I condensed only the output format templates (verbose example posts → concise headers like "example title / example slug"). I kept every single evaluation dimension. I kept all the framework guidance about debugging stories and mental models.

Savings: ~400 tokens instead of 1,100. Hallucinations: Zero. Time wasted: 5 hours I'll never get back.

The system works again. My agents are catching gaps in posts, preserving my voice, and helping me improve. I just didn't save as many tokens as I wanted.

So, Three Things I'm Carrying Forward

Prompt tokens are not like code bloat. In regular code, every unused import or redundant function adds maintenance burden. But in AI prompts, "redundant" guidance is often the difference between reliable behavior and genre drift. My agents needed that repeated emphasis on "debugging detective stories" and "learn in public." The repetition creates a stronger pattern in the context.

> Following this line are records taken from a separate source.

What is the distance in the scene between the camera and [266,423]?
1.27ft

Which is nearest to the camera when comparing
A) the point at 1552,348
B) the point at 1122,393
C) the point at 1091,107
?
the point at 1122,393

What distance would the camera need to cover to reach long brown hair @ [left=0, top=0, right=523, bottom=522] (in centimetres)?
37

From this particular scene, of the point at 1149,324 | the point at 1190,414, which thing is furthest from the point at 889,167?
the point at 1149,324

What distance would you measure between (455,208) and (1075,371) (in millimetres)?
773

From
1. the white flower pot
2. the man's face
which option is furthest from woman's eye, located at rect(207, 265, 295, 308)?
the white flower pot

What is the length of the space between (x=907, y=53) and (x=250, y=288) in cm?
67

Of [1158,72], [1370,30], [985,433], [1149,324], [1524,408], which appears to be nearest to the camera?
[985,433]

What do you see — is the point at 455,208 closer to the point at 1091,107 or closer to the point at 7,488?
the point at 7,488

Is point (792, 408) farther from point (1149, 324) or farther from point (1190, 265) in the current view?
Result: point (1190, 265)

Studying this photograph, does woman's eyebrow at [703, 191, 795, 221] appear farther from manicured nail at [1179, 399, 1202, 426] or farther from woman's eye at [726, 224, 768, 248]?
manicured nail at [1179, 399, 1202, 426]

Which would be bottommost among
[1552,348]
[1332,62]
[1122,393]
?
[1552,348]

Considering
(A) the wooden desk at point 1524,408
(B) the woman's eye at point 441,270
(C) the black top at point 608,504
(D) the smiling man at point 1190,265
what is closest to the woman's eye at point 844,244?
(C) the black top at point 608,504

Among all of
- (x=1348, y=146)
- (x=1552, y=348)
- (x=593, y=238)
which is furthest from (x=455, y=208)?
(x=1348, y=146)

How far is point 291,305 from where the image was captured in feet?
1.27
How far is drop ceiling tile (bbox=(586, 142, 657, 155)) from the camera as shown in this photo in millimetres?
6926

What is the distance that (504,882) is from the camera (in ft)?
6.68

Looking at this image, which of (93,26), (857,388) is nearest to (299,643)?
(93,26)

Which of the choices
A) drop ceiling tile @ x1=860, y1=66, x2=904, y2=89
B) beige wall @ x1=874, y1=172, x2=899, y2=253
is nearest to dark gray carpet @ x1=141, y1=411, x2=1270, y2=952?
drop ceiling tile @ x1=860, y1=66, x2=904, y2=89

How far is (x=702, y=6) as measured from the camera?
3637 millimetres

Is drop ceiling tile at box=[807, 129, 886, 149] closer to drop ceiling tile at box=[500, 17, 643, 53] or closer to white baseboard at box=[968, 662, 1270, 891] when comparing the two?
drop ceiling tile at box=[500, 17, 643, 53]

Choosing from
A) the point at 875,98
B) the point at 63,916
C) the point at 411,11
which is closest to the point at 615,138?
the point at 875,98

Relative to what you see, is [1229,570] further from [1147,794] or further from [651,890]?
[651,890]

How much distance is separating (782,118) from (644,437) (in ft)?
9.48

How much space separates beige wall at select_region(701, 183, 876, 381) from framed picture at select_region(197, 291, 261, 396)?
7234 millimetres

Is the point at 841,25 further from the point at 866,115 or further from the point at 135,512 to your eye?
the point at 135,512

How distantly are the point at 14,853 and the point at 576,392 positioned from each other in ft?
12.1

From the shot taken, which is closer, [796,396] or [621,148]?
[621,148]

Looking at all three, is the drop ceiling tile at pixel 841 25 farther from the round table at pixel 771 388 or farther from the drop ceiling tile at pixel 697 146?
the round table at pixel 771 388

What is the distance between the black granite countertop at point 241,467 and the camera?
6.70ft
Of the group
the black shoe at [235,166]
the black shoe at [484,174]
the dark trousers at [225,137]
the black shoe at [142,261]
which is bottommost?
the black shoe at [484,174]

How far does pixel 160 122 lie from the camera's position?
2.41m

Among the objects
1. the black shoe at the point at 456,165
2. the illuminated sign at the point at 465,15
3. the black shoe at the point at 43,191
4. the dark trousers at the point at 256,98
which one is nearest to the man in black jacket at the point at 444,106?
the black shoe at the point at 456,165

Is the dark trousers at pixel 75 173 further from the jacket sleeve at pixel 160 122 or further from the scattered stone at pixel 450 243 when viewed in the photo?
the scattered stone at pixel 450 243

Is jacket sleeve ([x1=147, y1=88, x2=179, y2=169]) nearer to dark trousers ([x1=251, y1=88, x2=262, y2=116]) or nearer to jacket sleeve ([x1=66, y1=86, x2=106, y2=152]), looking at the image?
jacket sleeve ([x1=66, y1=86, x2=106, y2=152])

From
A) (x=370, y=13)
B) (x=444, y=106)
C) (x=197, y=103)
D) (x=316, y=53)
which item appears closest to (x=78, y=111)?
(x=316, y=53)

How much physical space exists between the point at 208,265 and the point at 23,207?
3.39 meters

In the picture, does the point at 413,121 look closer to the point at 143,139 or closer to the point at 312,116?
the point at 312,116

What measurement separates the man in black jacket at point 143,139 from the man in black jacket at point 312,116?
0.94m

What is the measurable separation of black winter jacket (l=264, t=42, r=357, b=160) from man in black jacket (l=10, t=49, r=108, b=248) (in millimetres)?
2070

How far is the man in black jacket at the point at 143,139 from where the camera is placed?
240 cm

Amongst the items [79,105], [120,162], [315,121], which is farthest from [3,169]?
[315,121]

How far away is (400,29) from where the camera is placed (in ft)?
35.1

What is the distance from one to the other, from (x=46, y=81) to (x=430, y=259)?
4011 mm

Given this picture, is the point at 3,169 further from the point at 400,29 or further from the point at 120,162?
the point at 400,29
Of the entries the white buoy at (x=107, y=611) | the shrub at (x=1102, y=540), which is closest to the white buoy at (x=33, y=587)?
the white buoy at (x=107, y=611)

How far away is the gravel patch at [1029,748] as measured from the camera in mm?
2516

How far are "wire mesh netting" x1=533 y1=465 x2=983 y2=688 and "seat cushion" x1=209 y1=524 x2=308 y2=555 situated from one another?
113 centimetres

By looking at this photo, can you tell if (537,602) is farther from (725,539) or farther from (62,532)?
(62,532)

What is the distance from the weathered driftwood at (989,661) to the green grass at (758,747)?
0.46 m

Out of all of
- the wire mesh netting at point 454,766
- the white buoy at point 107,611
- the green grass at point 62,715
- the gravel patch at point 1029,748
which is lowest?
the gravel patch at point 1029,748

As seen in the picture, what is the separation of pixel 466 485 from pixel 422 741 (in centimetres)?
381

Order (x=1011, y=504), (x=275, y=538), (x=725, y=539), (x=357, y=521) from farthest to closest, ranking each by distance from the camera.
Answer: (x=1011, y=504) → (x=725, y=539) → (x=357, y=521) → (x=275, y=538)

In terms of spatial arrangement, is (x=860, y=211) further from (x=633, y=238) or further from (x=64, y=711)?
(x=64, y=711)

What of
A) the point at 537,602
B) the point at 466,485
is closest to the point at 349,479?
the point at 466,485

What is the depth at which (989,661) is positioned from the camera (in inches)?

Session limits aren't always solved by prompt optimization. I was trying to squeeze more work into limited sessions by trimming prompts. But the real constraint wasn't prompt tokens - it was the number of agent spawns and file operations per review. That and the obscenely limited session time that Anthropic give you. The better approach would have been fewer review rounds, caching responses, or batching multiple posts in one session.

Trust your systems. I had a working multi-agent review system. It caught gaps in my posts. It preserved my voice. It helped me improve. Then I broke it trying to make it "more efficient." The real efficiency would have been running more reviews with the working system, not optimizing away the safeguards that made it work.